South Africa’s FEDUP Wins Govan Mbeki Human Settlements Award

by James Tayler

FEDUP wins Govan Mbeki Award for Housing

**Cross-posted from SA SDI Alliance Blog**

By Greg van Rensburg, uTshani Fund, South Africa 

Each year government recognises the partnerships with all sectors involved in developing sustainable and integrated human settlements. The Govan Mbeki Human Settlements awards are a prestigious ceremonies hosted by the National Department of Human Settlements in two stages: the Provincial and the National. The award ceremony aims to showcase and demonstrate the partnerships with the department at both tiers and promotes best practices in meeting the delivery mandate of the Presidency’s Outcome 8, which is aligned with the vision of building sustainable human settlements and meeting the Millennium Development Goals. The MEC of Human Settlements at the Provincial tier nominates projects in the five specified categories which displays exceptional quality, promotes best practice, brings together stakeholders, and most importantly, improving the quality of life for the beneficiary-partners.

FEDUP wins Govan Mbeki Award for Housing

According to the Gauteng Province’s Department of Local Government and Housing, a thorough investigation was initiated to access the quality of the projects nominated.
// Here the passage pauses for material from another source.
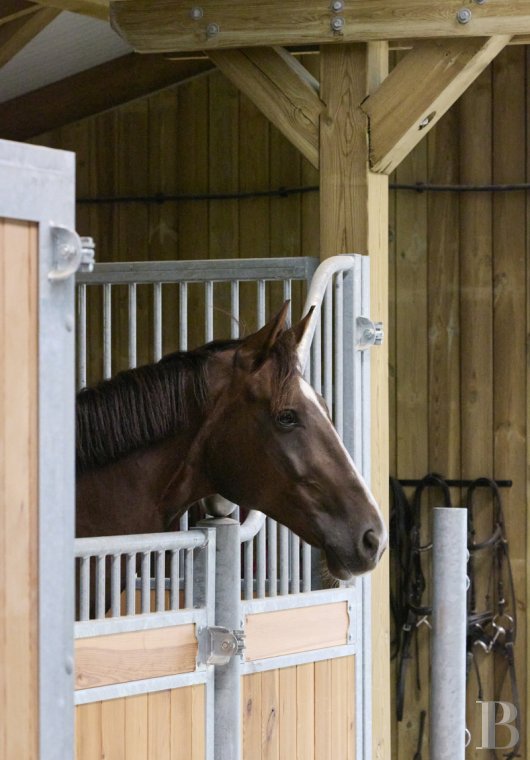 En Pays d’Auge, non loin de Lisieux, une ancienne ferme du 19e siècle transformée en paradis équestre - photo  n°19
The Department’s website says the following of the Gauteng evaluation process:

Prior to the ceremony of the Govan Mbeki Awards, there is a preceding quality monitoring process of projects submitted by entrants throughout Gauteng. The awards ceremony, to be held on Thursday, signals the end of the Gauteng Leg of the process. The awards are named after the liberation stalwart Govan Mbeki whose life work and struggle envisioned landlessness and homelessness as some of the inhumane legacies of the apartheid system. The ceremony will celebrate those contractors in Gauteng whose work and delivery is symbolic of the quality and dignity of human settlements that Govan Mbeki strove for.

The Federation of the Urban and Rural Poor (FEDUP) has been transforming housing policy from the bottom up for the past two decades. Premised on the notions of social and political change, savings groups linked to the Federation has built more than 12,000 since 1994, and continue to set a precedent in woman’s empowerment through self-build and collaboration with government. FEDUP’s work has been recognised at the highest levels of government, and has been showcases to international audiences such as UN Habitat, Cities Alliance, World Bank and other multilateral organisations.

On the 11th of April, FEDUP was nominated in the Gauteng Provincial Govan Mbeki awards. This event, hosted at the Emperors Palace, Kempton Park in Johannesburg and chaired by the MEC for Local Government and Housing, Ms Ntombi Mekgwe, FEDUP was awarded the award for the Duduza project. uTshani Fund acts as Account Administrator to FEDUP, and provides technical support to the Community Construction Management Team (CCMT). The contract signed with the Province allocated 150 stands in Duduza, of which 134 houses have been completed. In this year alone, 93 houses were built. On average, FEDUP builds houses with the same subsidy quantum but the differences are vast! Houses are larger than 50m2 in size compared to government build of 35 – 40m2.  These houses are fully fitted with a bathroom, a kitchen with a sink as well as two spacious bedrooms. The houses are fully electrified. The finishing include plaster inside and outside, and is painted inside and outside. These are achievable through the savings and contributions of the beneficiaries from their savings.

The FEDUP alternative is continuing to reshape the policy and institutional landscape. But most importantly, it is the building of a strong woman’s federation that opens many other avenues for livelihoods and poverty alleviation.